# Singular Value Thresholding

We implement the singular value thresholding algorithm as presented in Cai, Candés and Shen (2008) and perform a grid search to optimize its parameters. Note that it is far from exhaustive as the algorithm is slow.

### Importing the libraries

In [10]:
import numpy as np
import pandas as pd
import matplotlib.pyplot as plt
#%pip install scikit-surprise
from surprise import AlgoBase, PredictionImpossible, Reader, Dataset, accuracy
from surprise.model_selection import train_test_split, cross_validate, GridSearchCV
import thresholding

### Prepare the dataset

First we read the dataset as a pandas DataFrame.

In [2]:
data_train_raw = pd.read_csv('../data/data_train.csv')

# parse rows and columns
row_str = data_train_raw['Id'].apply(lambda x: x.split('_')[0])
row_id = row_str.apply(lambda x: int(x.split('r')[1]) - 1)
col_str = data_train_raw['Id'].apply(lambda x: x.split('_')[1])
col_id = col_str.apply(lambda x: int(x.split('c')[1]) - 1)

# apply changes
data_train_raw['row'] = row_id
data_train_raw['col'] = col_id

# dataset as data frame
data_train_df = data_train_raw.loc[:,['row', 'col', 'Prediction']]

In [3]:
data_train_df.head()

Unnamed: 0,row,col,Prediction
0,43,0,4
1,60,0,3
2,66,0,4
3,71,0,3
4,85,0,5


### Prepare dataset

In [4]:
# set up surprise dataset
reader = Reader()
dataset = Dataset.load_from_df(data_train_df[['row', 'col', 'Prediction']], reader)
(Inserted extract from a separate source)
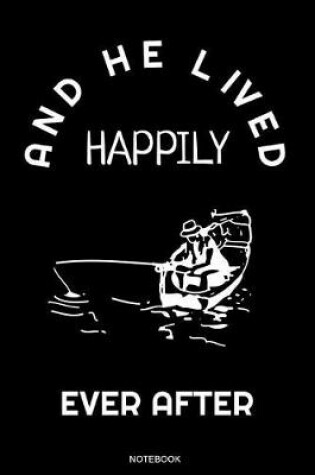 Cover of And He Lived Happily Ever After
### Perform a grid search over parameters

Note that the parameter n_epochs concerns the maximal number of epochs, as the algorithm otherwise stops when a criteria is reached

In [14]:
# define the model
model = GridSearchCV(thresholding.SVDthr, param_grid = {'tao': [100,500,1000], 
                                                        'n_epochs': [1000], 
                                                        'step_size': [1,1.99]})

# fit the model to the dataset
model.fit(dataset)

# output best scores and best parameters
model.best_score, model.best_params

### Train model with optimal parameters 

In [9]:
# define the model
model = thresholding.SVDthr(n_epochs=1, tao=10000, step_size=1)

# fit the model to the training set
model.fit(trainset)

# compute the predictions
predictions = model.test(testset)

# compute the RMSE on the testset
rmse = accuracy.rmse(predictions)

RMSE: 3.0653